Exercise: Please repeat only the lines below starting at the line that holds "Slim Fit Bisiklet" and ending at the line that holds "5x12 White Hemp Kilim Rug - 41941", exactly, with both of those lines included and every picture omitted.

--- Listed records Enclosed Below ---

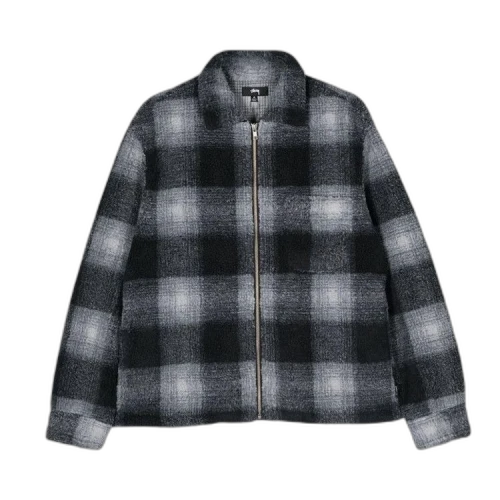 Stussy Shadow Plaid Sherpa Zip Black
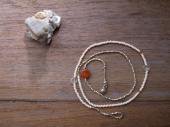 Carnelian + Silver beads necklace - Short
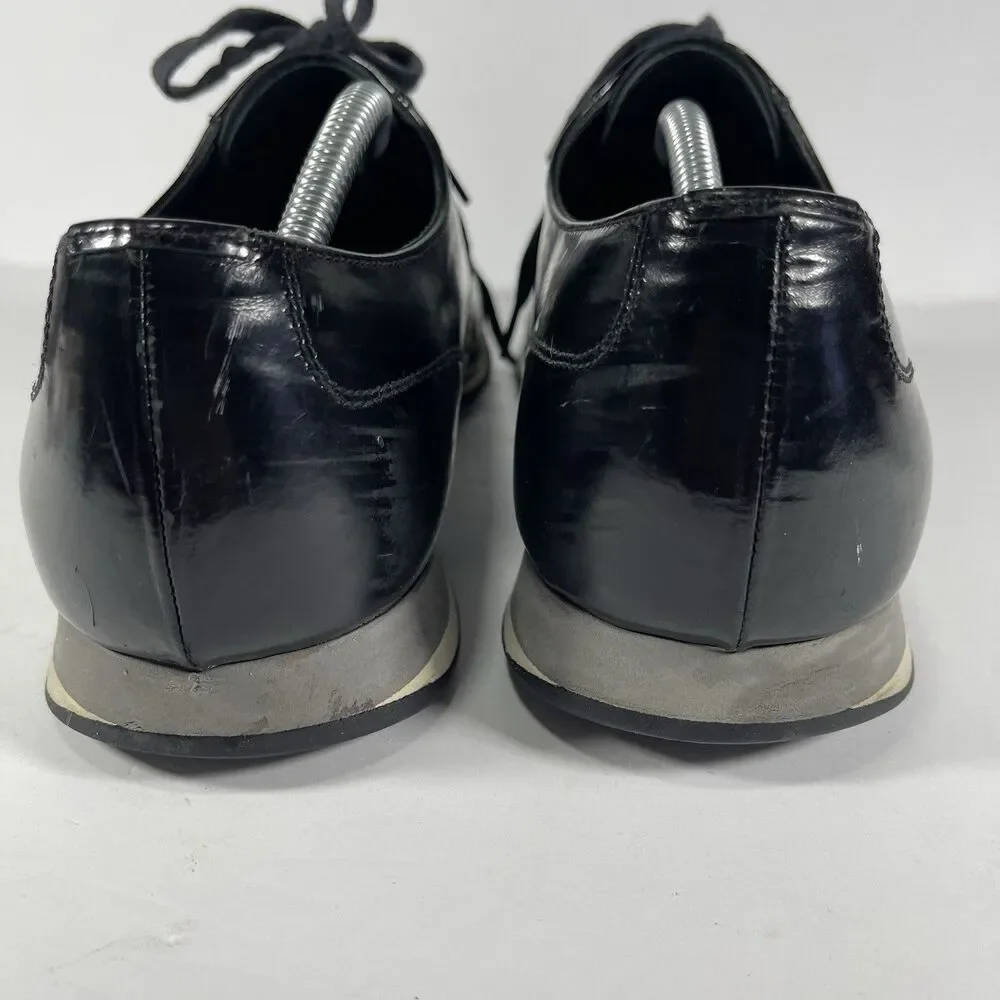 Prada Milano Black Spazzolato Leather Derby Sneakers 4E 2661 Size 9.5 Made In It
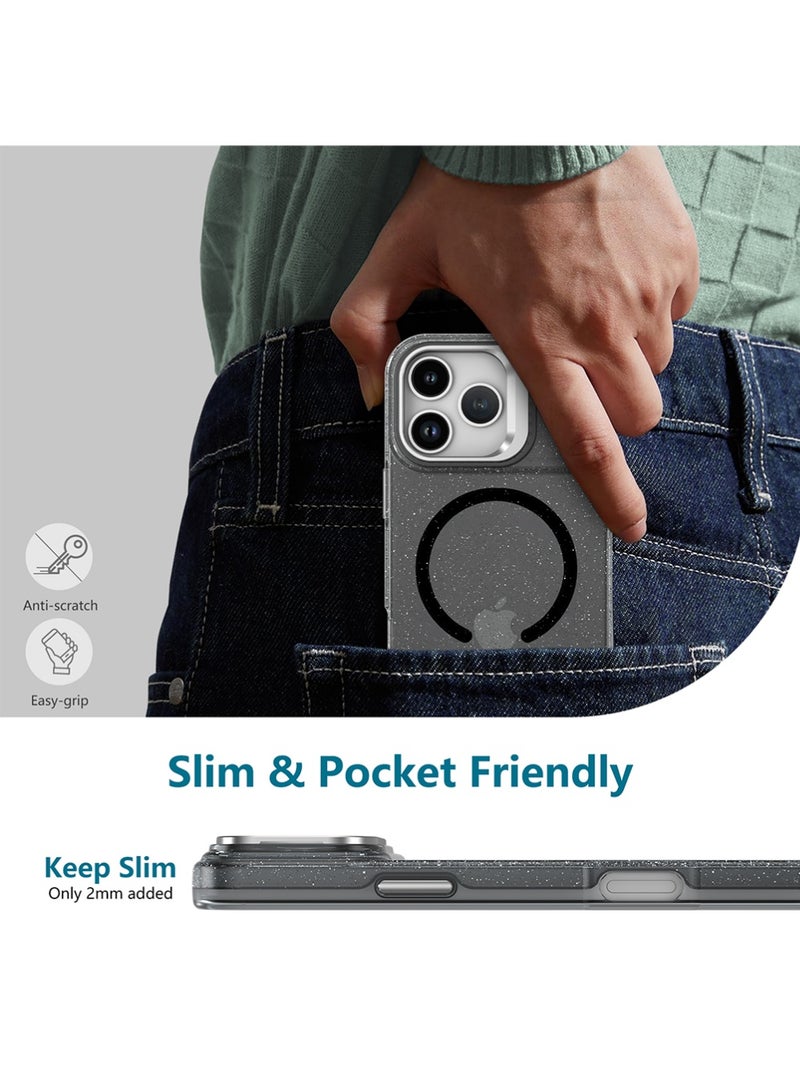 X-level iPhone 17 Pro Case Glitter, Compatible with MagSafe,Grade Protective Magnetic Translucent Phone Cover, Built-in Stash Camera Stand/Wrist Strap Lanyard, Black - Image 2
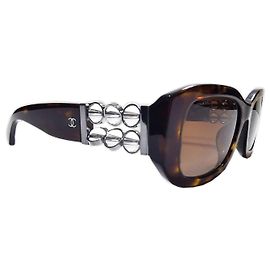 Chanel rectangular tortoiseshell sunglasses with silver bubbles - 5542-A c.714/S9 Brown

--- End of Enclosed Listed records ---
--- Listed records Enclosed Below ---

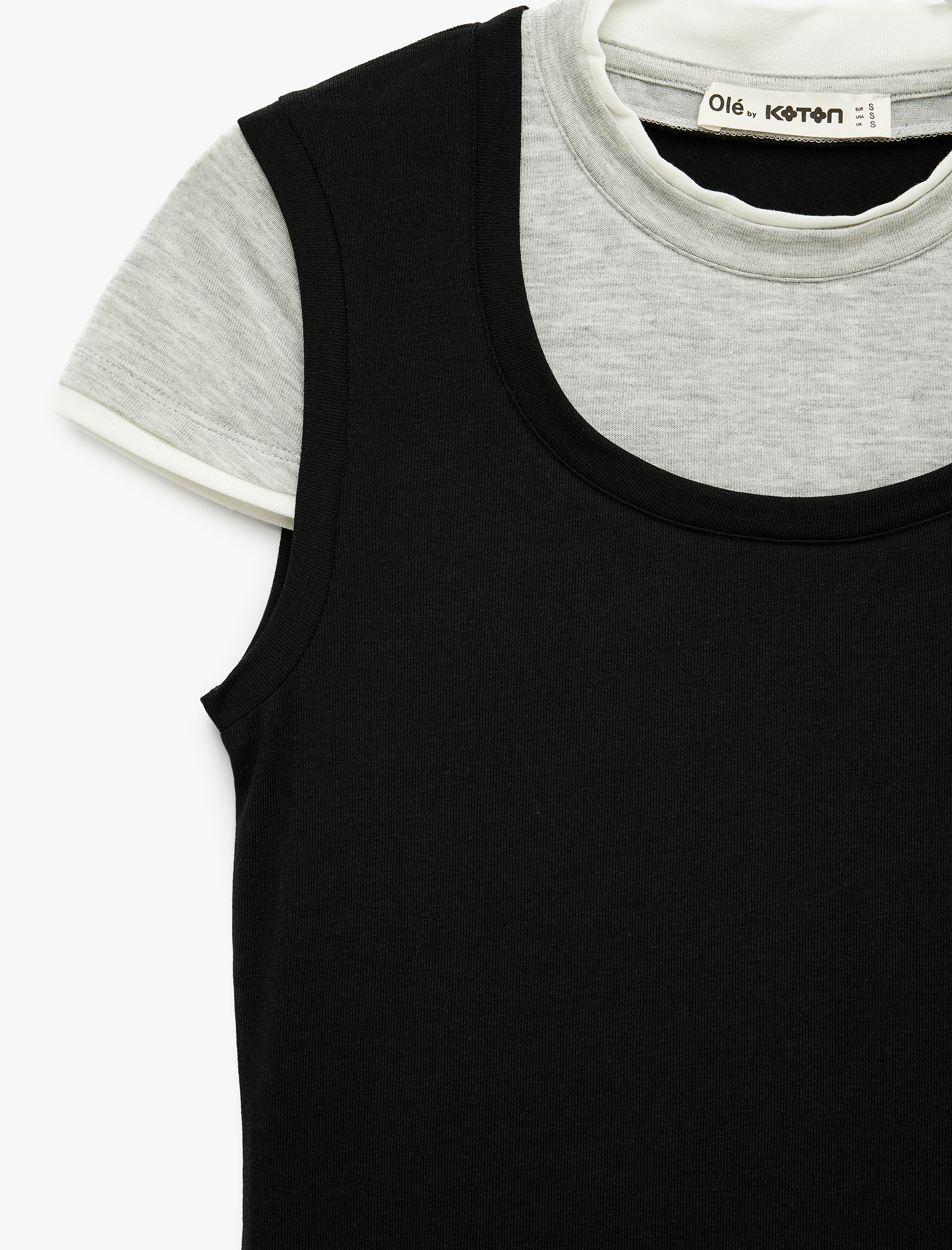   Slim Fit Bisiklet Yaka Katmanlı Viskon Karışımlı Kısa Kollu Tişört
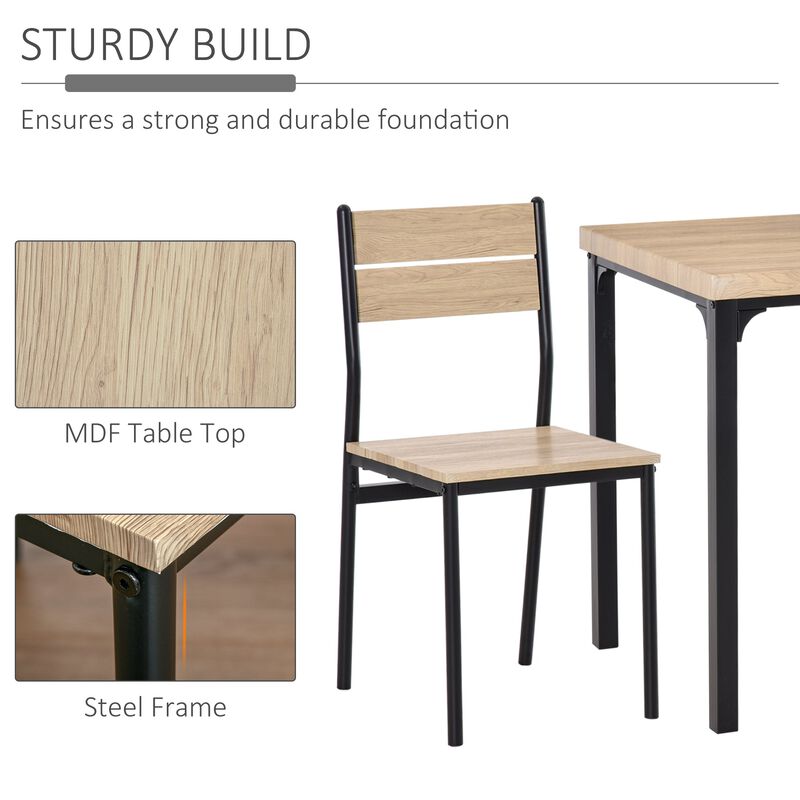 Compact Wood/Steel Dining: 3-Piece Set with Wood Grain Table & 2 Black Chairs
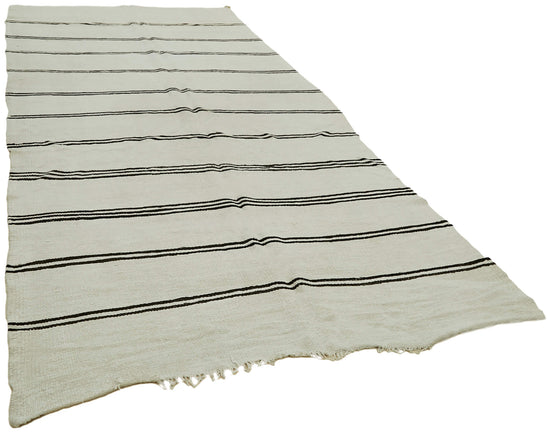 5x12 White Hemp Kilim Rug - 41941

--- End of Enclosed Listed records ---
--- Listed records Enclosed Below ---

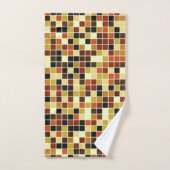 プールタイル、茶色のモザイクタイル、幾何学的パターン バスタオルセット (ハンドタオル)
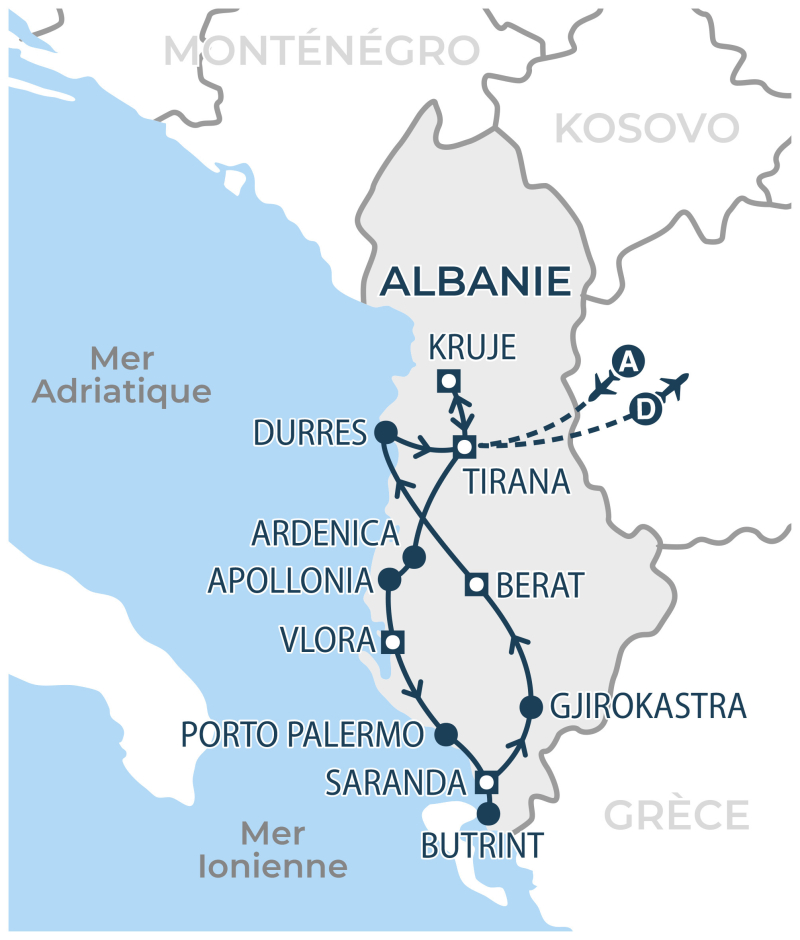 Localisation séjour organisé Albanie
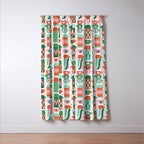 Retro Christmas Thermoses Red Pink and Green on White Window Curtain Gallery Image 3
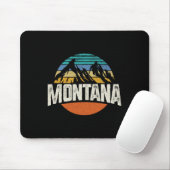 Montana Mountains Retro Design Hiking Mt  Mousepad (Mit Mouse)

--- End of Enclosed Listed records ---

Worked solution:
   Slim Fit Bisiklet Yaka Katmanlı Viskon Karışımlı Kısa Kollu Tişört
 Compact Wood/Steel Dining: 3-Piece Set with Wood Grain Table & 2 Black Chairs
 5x12 White Hemp Kilim Rug - 41941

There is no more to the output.